Can the tool be fooled by a printed photo, a photo of a screen, or a deepfake?
This tool is a face-recognition similarity meter, not a presentation-attack detector. It will happily compare a photo of a printed photo of you to a real photo of you, and the embedding will match. It does not check for liveness, depth, screen reflections, or AI-generated artifacts. For payment verification, identity proofing, or unlock applications, you need a separate liveness-detection layer (active challenges like blink or head turn, or passive depth analysis from a true-depth camera) on top of the similarity check. Browser-only liveness detection is possible (MediaPipe Face Landmarker can detect head pose changes) but is not part of this tool. For casual or genealogy use, the absence of liveness checks does not matter.
Which neural architecture is doing the heavy lifting — FaceNet, ArcFace, or DeepFace?
The default pipeline uses face-api.js / @vladmandic/face-api, which combines an SSD-MobileNet v1 face detector, a 68-point landmark regressor (for alignment), and a FaceNet-style ResNet-34 embedding network that outputs a 128-dimensional descriptor trained with triplet loss. ArcFace (2019) and CosFace (2018) are newer architectures using angular margin losses and 512-dimensional embeddings that achieve higher accuracy on LFW (99.83% vs FaceNet's 99.65%) but require larger models and slightly different alignment. They are available as advanced options if you need state-of-the-art accuracy. For everyday comparison, the default FaceNet pipeline is fast, well-tested, and good enough.
What is the difference between FP32 and INT8 for face embeddings, and does it matter for accuracy?

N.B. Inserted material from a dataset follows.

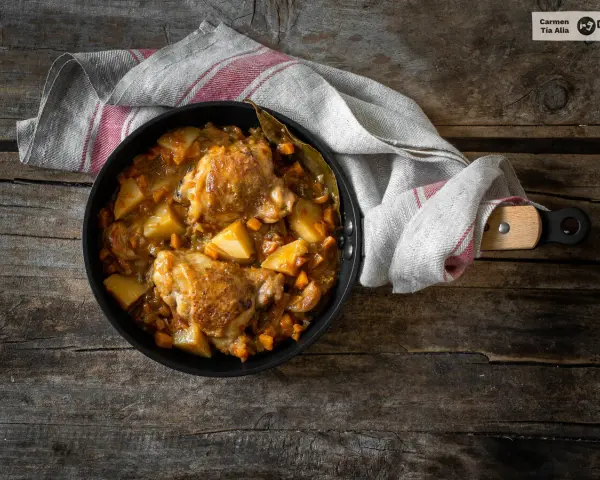 Estofado de pollo con patatas y zanahorias en sartén sobre mesa de madera.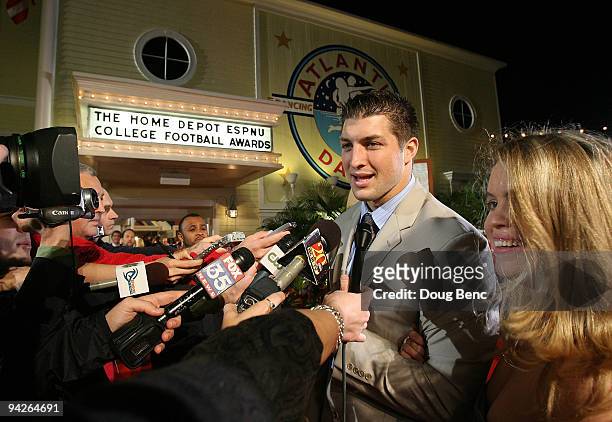 Quarterback Tim Tebow of the University of Florida Gators talks with media representatives as he arrives with friend Kelly Faughnan on the red carpet...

FP32 stores each network weight as a 32-bit float; INT8 stores it as an 8-bit integer, shrinking the model ~4x and speeding up CPU inference 2-3x. For face embeddings, INT8 typically reduces LFW accuracy by 0.1-0.3% — invisible to a human comparing scores but measurable on a 6000-image benchmark. More importantly, INT8 embeddings are slightly noisier, which can push borderline pairs (around the 0.6 distance threshold) into the wrong bucket. This tool loads the standard @vladmandic/face-api weights and runs them in the in-browser TensorFlow.js runtime at 32-bit float, so the embedding precision is not the limiting factor here; image quality, pose, and lighting matter far more.